Love him or hate him he was entertaining. 

Growing up in a no-cable era, you could always count on Fred to show deer hunting the Thursday preseeding the opener. We always waited for that time of year.

I remember as kid, laying out my bow and arrows on the floor and going over everything while Fred was on. 

I got to meet him once in Houghton Lake at Tip-Up town and for a kid in Michigan back then, it was like meeting a celebrity. 

Prayers to his family and happy hunting forever Fred.


----------



## PrtyMolusk (Aug 13, 2000)

Howdy-

Truly a loss for ALL of Michigan's outdoor community!  

jimmyg, thanks so much for your confirmation; although sad, it at least stops the rumours and let's us say our goodbyes.

If you can, please pass on our most heartfelt condolences to his family and friends.

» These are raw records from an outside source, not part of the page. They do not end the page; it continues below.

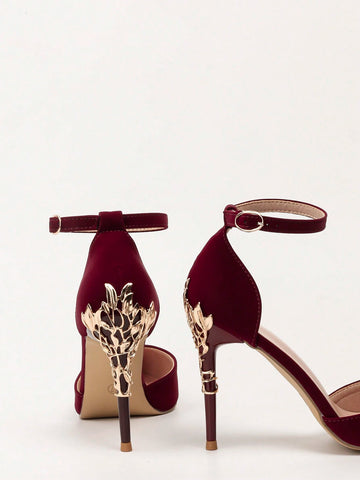 European And American Style Fashionable Metal Flower Stiletto High Heel Wedding Shoes For Women, Pointed Toe Ankle Strap Sandals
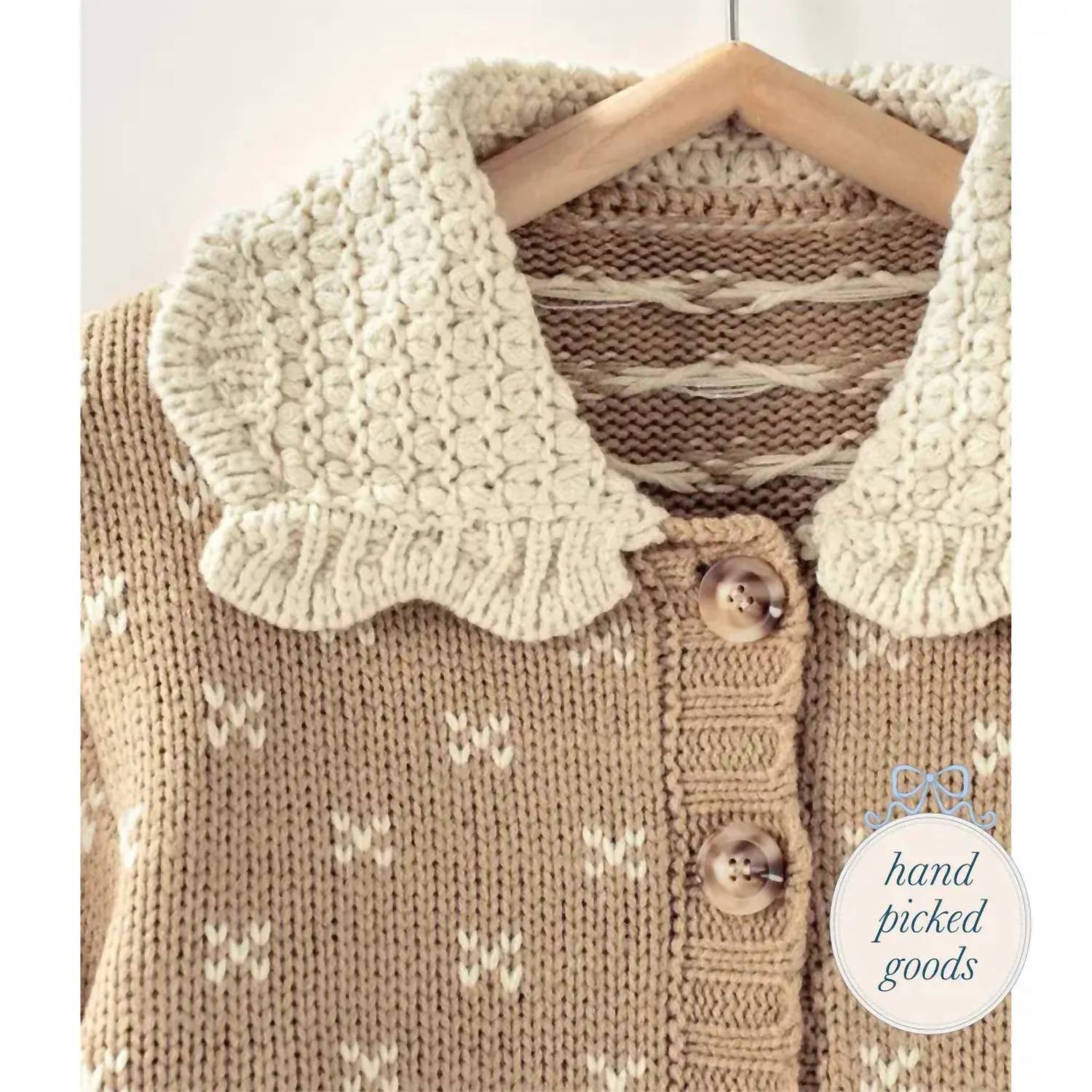 Urban Daizy - Women's Patterned Knit Ruffle Collar Cardigan
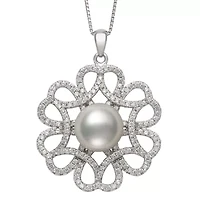 Womens White Cultured Freshwater Pearl Sterling Silver Inch Pendant Necklace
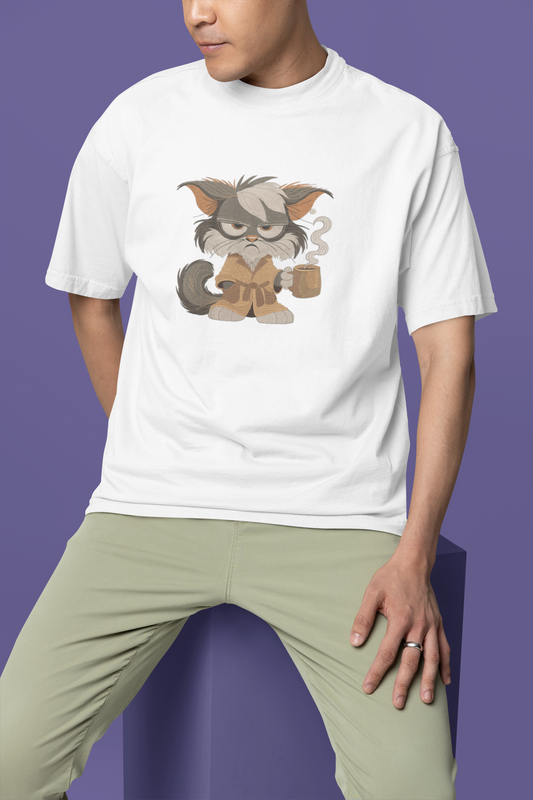 Grumpy old cat Embroidered Half sleeve Oversized Premium T-shirt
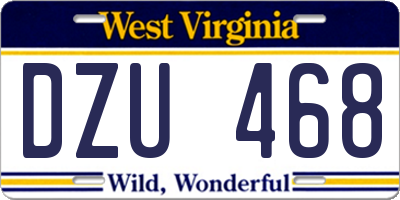 WV license plate DZU468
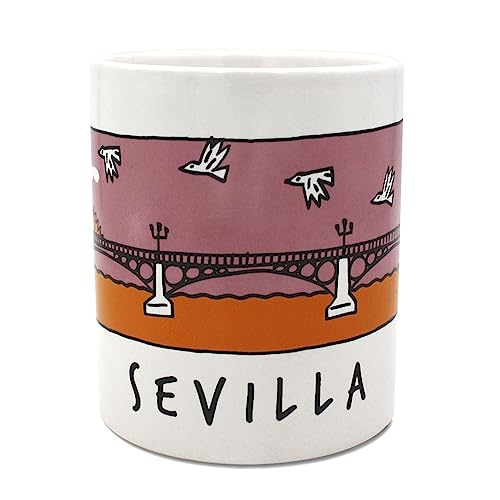 TBOC Tazza Porcellana Colazione [Puente de Triana] Regalo Originali | Mug Siviglia Andalusia Spagna | Set Tazze Caffe Tisana Coppia Tazzine Grande Regali Originale Ceramica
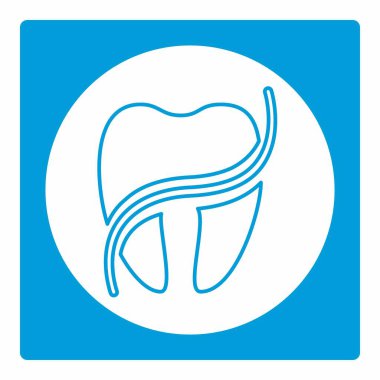 Diş ipinin simge vektörü - Beyaz Ay Biçimi - Basit illüstrasyon, Düzenlenebilir vuruş, Tasarım şablonu vektörü, baskılar, posterler, reklamlar, duyurular, bilgi grafikleri vs..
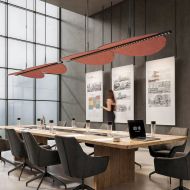 SONO H�ngeleuchte mit Akustikpanel Design-B�roleuchte mit Akustik-Panel �ber im Arbeitszimmer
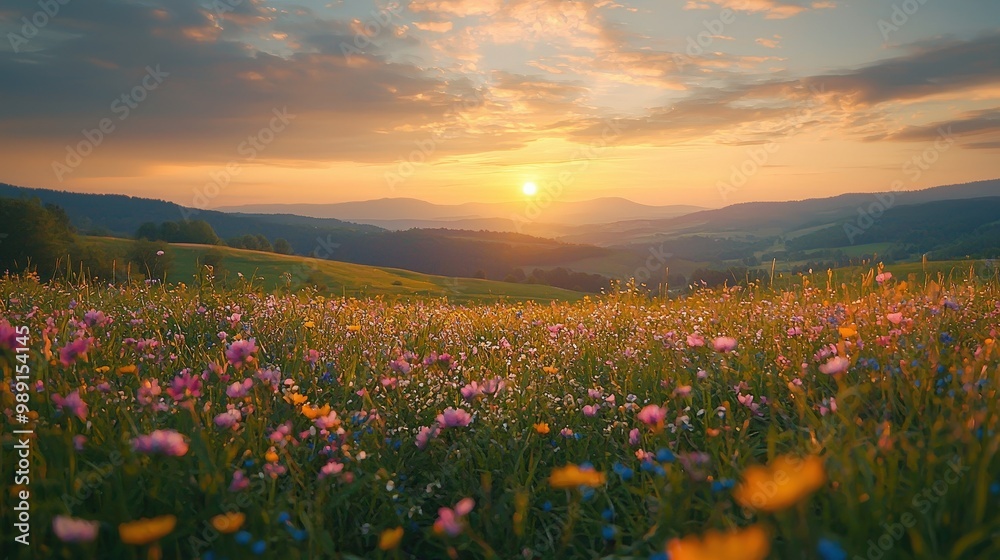 Poster Wildflowers bloom in a colorful array as the sun sets behind rolling hills, casting a warm glow across the landscape in early summer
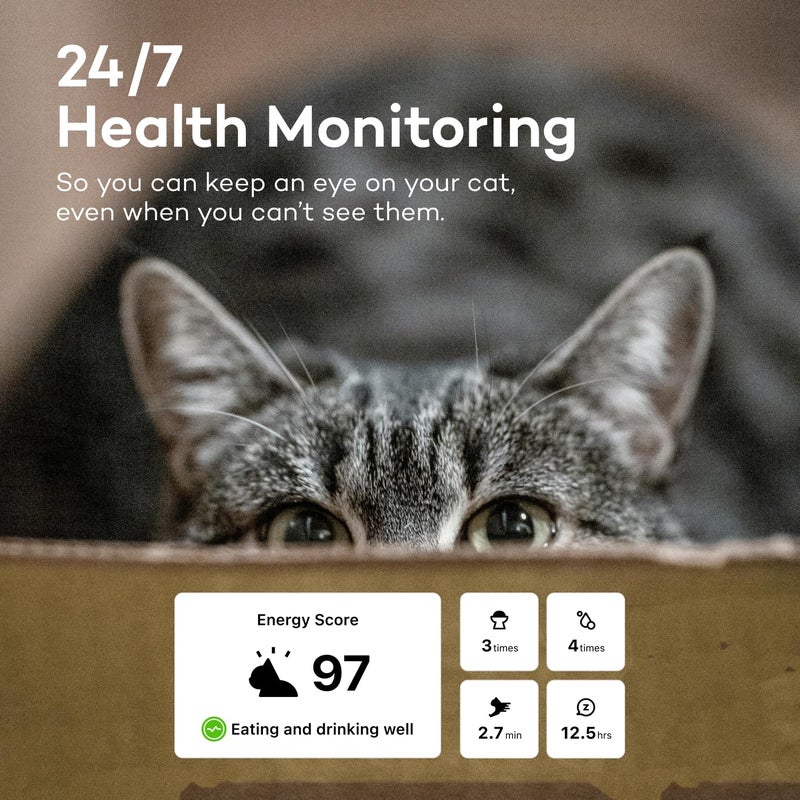 Catlog Health Tracker for Cats - Smart Cat Collar with Safety Breakaway Buckle for Indoor Cats, Wellness Alerts, Real-time Monitoring (Kimono (Ume),L) - Image 2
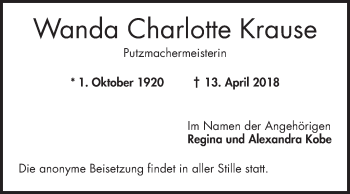 Traueranzeige von Wanda Charlotte Krause von Mannheimer Morgen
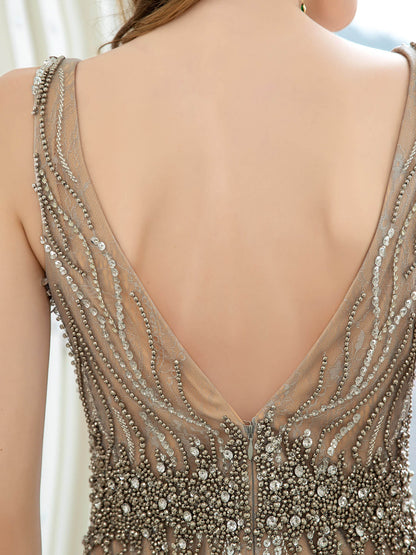 Roycebridal Roycebridal Mermaid V-neck Beaded Luxurious Fashion Formal Evening Dresses Sleeveless Floor Length Prom Dresses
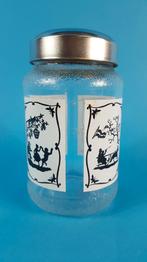 Nescafe glazen voorraadpot, silhouet afbeeldingen. 6C7, Tweedehands verkoop, Tweedehands verkoop, Gebruikt, Ophalen of Verzenden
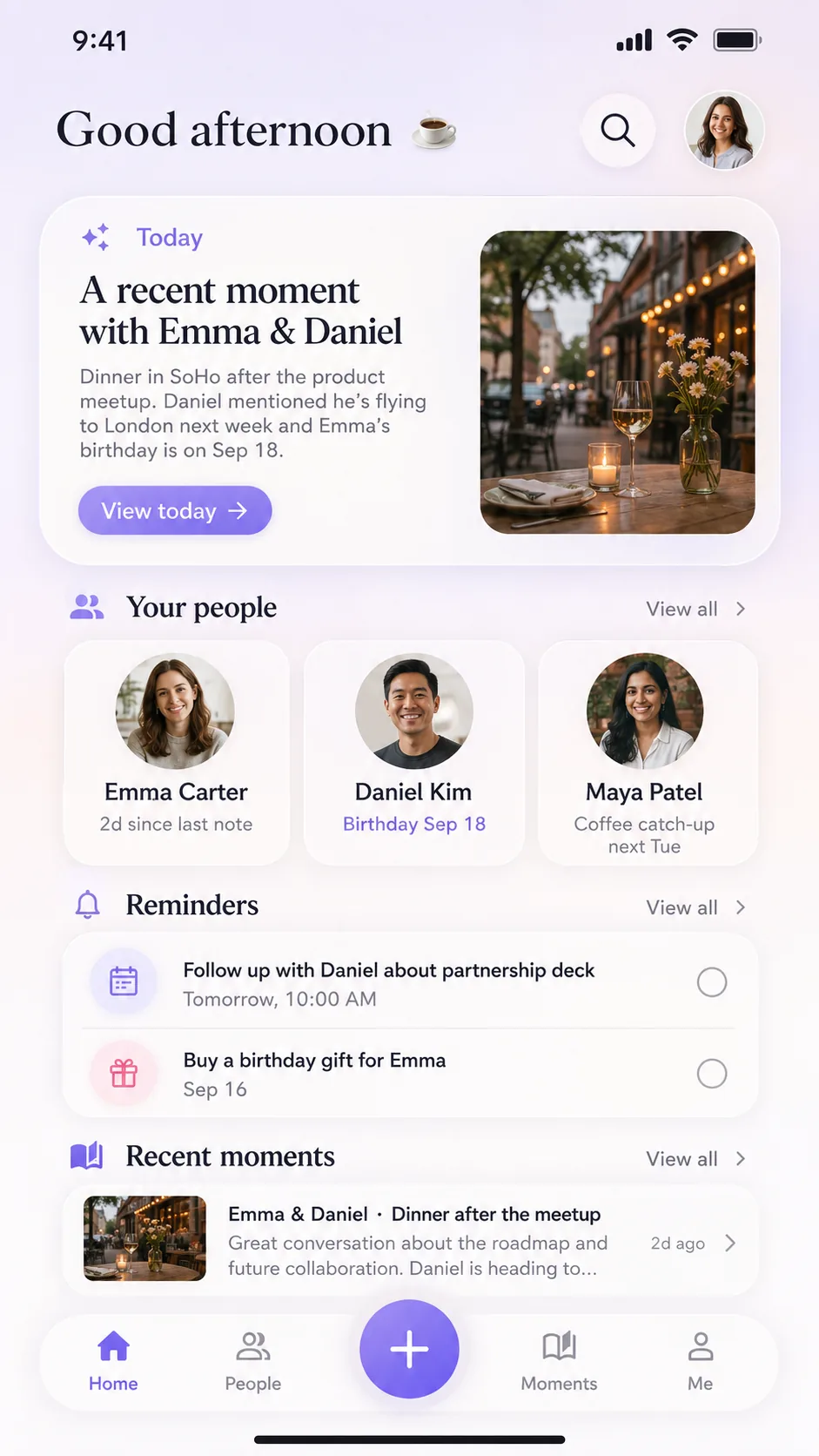 Relmory home screen showing people, reminders and recent moments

He was one of a kind and will be missed for a long time.


----------



## HunterHads (Jun 28, 2005)

Wow, Rip Fred You were my favorite hunting show as a youngster. Thanks for all the great Thursday nights.


----------



## Neal (Mar 20, 2001)

As a youngster Fred was a regular part of our deer camp, and a good friend of my dads. Quite a character. He had a radio show back then, and I remember him sneaking around in the middle of the night with his tape recorder, doing interviews with the camp hunters while they were asleep and loudly snoring.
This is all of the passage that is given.